Multiprocessing not working on Pytorch on MacBook

Megh_Bhalerao · May 11, 2020, 8:46am

I am training a model on my local MacBook. My dataloader looks something like this:

data_train_source = MNISTSourceTrain("path1","path2")
source_train_loader = DataLoader(data_train_source,batch_size=64,shuffle=True,num_workers = 0)

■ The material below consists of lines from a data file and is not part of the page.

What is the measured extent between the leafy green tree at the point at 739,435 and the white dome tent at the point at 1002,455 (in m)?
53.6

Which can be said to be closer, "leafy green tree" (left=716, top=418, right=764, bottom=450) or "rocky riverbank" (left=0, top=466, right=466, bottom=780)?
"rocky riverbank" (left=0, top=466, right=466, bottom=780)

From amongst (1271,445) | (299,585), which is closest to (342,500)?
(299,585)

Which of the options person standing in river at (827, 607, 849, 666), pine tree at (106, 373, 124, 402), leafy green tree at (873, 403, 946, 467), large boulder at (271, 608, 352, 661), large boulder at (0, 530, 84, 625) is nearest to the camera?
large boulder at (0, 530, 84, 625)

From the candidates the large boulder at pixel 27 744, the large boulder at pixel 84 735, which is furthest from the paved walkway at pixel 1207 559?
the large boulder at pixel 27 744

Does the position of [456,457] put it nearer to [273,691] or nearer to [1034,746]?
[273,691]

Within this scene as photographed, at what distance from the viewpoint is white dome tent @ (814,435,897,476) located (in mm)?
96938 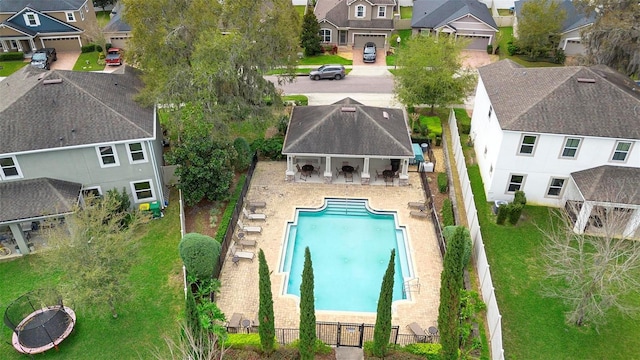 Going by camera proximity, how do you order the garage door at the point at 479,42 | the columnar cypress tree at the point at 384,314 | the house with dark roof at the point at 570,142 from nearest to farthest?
1. the columnar cypress tree at the point at 384,314
2. the house with dark roof at the point at 570,142
3. the garage door at the point at 479,42

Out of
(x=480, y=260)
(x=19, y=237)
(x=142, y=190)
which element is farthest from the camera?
(x=142, y=190)

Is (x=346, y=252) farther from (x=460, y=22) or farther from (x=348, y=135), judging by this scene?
(x=460, y=22)

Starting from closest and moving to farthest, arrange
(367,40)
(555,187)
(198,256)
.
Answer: (198,256)
(555,187)
(367,40)

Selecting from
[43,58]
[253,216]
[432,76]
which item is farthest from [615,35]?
[43,58]

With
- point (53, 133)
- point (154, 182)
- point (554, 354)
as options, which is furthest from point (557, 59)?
point (53, 133)

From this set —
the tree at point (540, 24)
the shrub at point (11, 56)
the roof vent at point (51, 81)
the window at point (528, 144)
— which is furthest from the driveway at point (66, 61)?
the tree at point (540, 24)

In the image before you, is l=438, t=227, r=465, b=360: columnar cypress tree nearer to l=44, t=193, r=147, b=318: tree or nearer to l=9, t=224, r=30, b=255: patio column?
l=44, t=193, r=147, b=318: tree

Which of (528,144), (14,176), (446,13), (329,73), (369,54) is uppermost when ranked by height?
(446,13)

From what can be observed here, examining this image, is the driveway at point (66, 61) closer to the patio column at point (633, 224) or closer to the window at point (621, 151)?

When I set num_workers=0, the program runs. But, for any value of num_workers>0, I get the following error:

RuntimeError: 
        An attempt has been made to start a new process before the
        current process has finished its bootstrapping phase.
        This probably means that you are not using fork to start your
        child processes and you have forgotten to use the proper idiom

        in the main module:

            if __name__ == '__main__':
                freeze_support()
                ...

        The "freeze_support()" line can be omitted if the program
        is not going to be frozen to produce an executable.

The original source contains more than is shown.